Provided material:

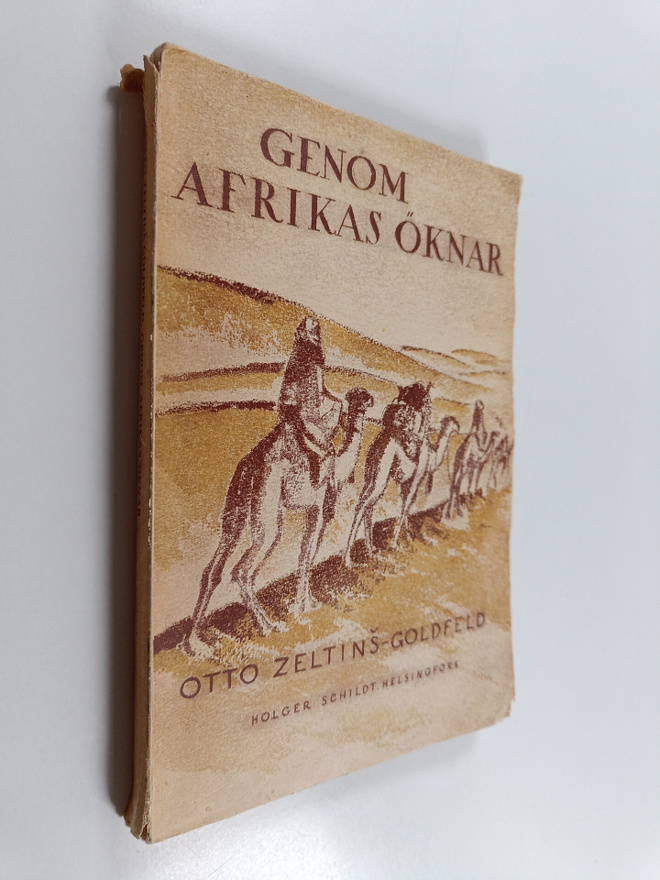 Otto Zeltins-Goldfeld : Genom Afrikas öknar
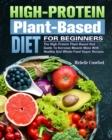 High-Protein Plant-Based Diet For Beginners : The High-Protein Plant-Based Diet Guide To Increase Muscle Mass With Healthy And Whole-Food Vegan Recipes - Book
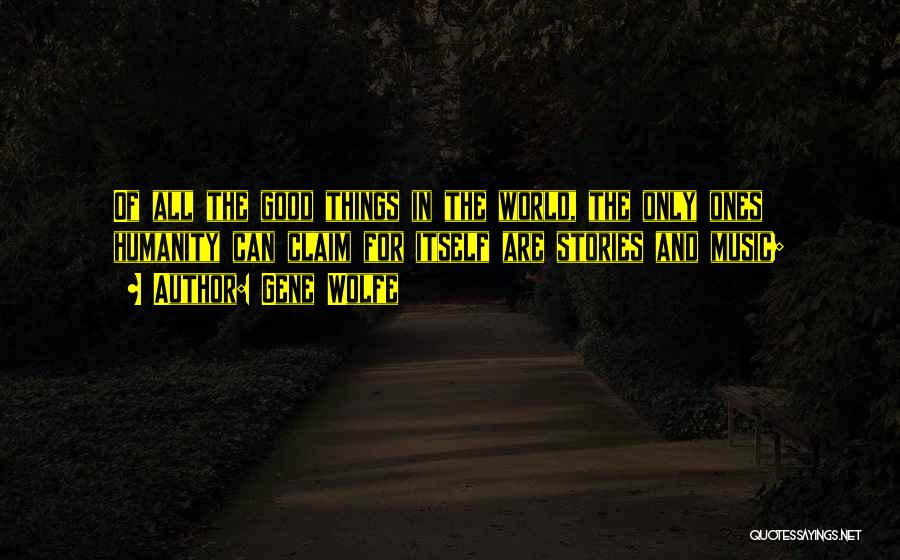 Gene Wolfe Quotes: Of All The Good Things In The World, The Only Ones Humanity Can Claim For Itself Are Stories And Music;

What needs to be done:
Only the pictures stay behind; everything else in the data above is to be retyped exactly.

Answer for this exercise:
 Otto Zeltins-Goldfeld : Genom Afrikas öknar
 High-Protein Plant-Based Diet For Beginners : The High-Protein Plant-Based Diet Guide To Increase Muscle Mass With Healthy And Whole-Food Vegan Recipes - Book
 Gene Wolfe Quotes: Of All The Good Things In The World, The Only Ones Humanity Can Claim For Itself Are Stories And Music;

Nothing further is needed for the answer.